Ирина тычет пальцем в небо над головой.
– Несколько лет назад прямо в этом небе должен был пролетать знаменитый дирижабль… Им-сан, как его звали-то? Который кругосветку совершал.
– Ой, не помню. «Цеппелин» какой-то…
– В общем, чтобы на него посмотреть, сюда, в Холмск понаехала куча иностранцев. Из Америки, Европы, но больше всего – из Японии. Журналисты с фотоаппаратами, видеокамерами, приборчиками какими-то…
– Ну и как? – уточняет Мураками. – Пролетел?
– Пролететь-то пролетел… Но в тот день с самого утра шёл дождь. А он летел над тучами, и никто его не увидел. Все только промокли до нитки. Так никто и не запечатлел эту страницу Истории. Только один холмский художник не растерялся, написал об этом картину. И её даже повесили в местном музее. Как часть истории города…
– И на этой картине, разумеется, тоже шёл дождь?

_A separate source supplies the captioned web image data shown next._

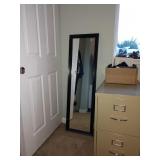 1st Bedroom Right: Mirror 1st Bedroom Right: Mirror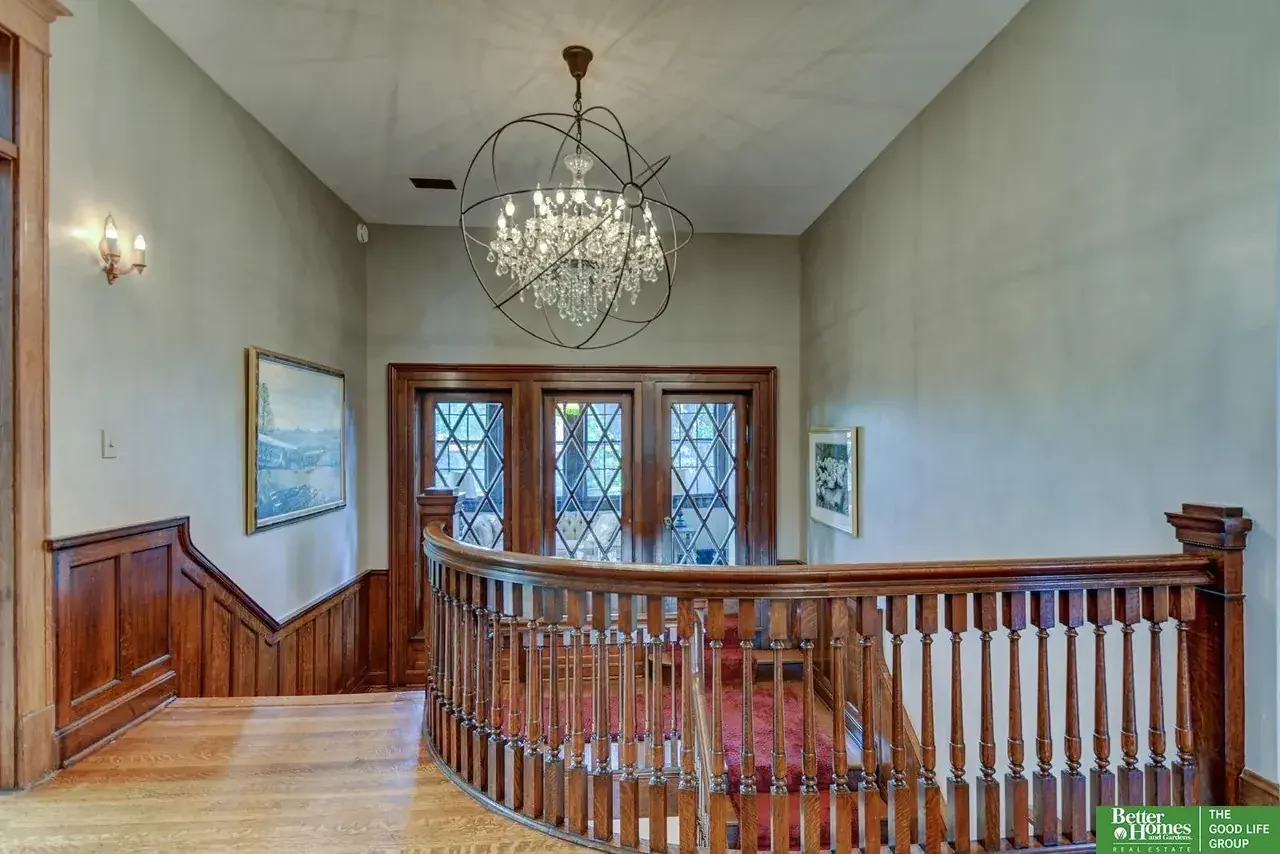 1908 Georgian Revival house Omaha Nebraska - 47 - stairs.webp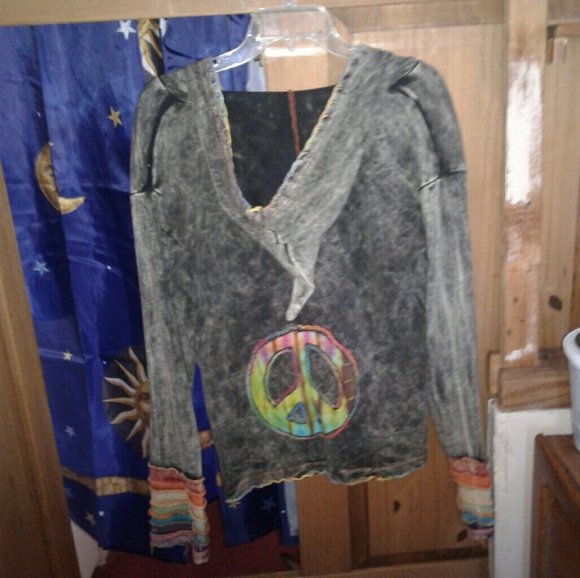 **SOLD**WOMENS'S SHOP THERAPY HOODIE ZIPPER JACKET - Picture 2 of 8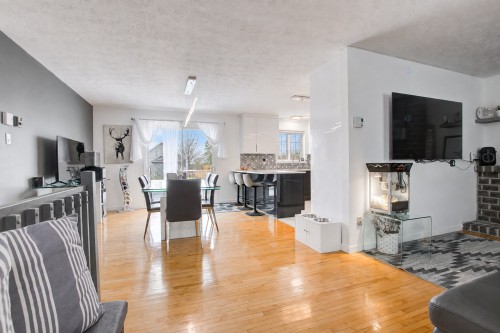 Vue d'ensemble - 38 Rue Carmen, Granby, QC - Indoor Photo Showing Living Room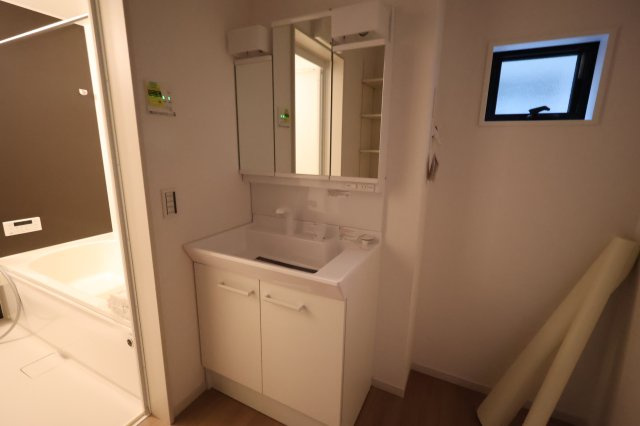 《仲介手数料無料》西区大字内野本郷929-16(全1戸)新築一戸建てリガーレの独立洗面台|撮影日 2025年12月1日 16:00 晴れ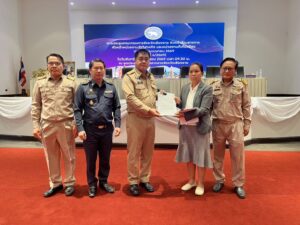 ผู้ว่าฯ ยกย่องครูหญิง นักสู้ร้องทุจริตนาน 10 ปี จนถูกกระทำสารพัดล่าสุดขอย้ายอ้างเครือข่ายเก่าตามแกล้ง เผยครูชายอีกรายร้อง ผอ.รร.ฟอกเงิน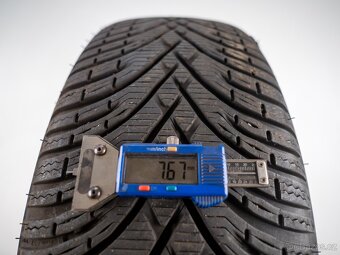 Hyundai Tucson - 17" alu kola - Zimní pneu - 9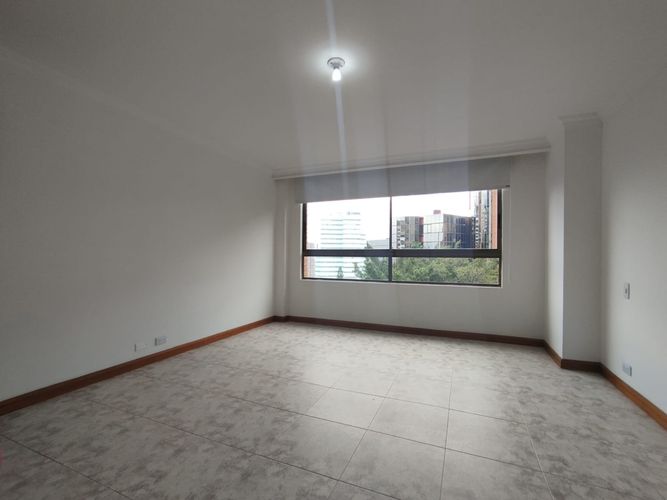 Apartamento de 3 alcobas en arriendo en El Poblado, Medellín, 178 m² · foto 6 de 20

Отправляемся из Холмска в Невельск – и через десять минут въезжаем в совершенно мистический пейзаж. Кажется, будто именно на этой обочине устраивали свой маргинальный пикник сталкеровские инопланетяне. На протяжении километра вдоль дороги вздымаются из зарослей рыже-зелёного бурьяна останки неземного вида конструкций. Не похожие ни на какие другие развалины, встретившиеся нам до сих пор.
– Какие красивые руины! – восхищается остроглазый Цудзуки. – Что это было?
– А! – открывает один глаз задремавший было Им-сан. – С этим местом мы ровесники. А может даже и я чуть помладше буду… Это – японский бумажный завод. Фирма «Одзи» его ещё в 20-е годы построила. Всего таких заводов на Сахалине было восемь, и производили они 80 % всей бумаги в Японии. А работали на них корейцы. Дешевая рабсила, дешёвое сырье… За тридцать лет чуть не треть сахалинской ели повырубали! А когда японцы ушли, завод этот Советам достался. Русские здесь ещё целых пятьдесят лет бумагу делали! Только в конце 70-х всё и забросили.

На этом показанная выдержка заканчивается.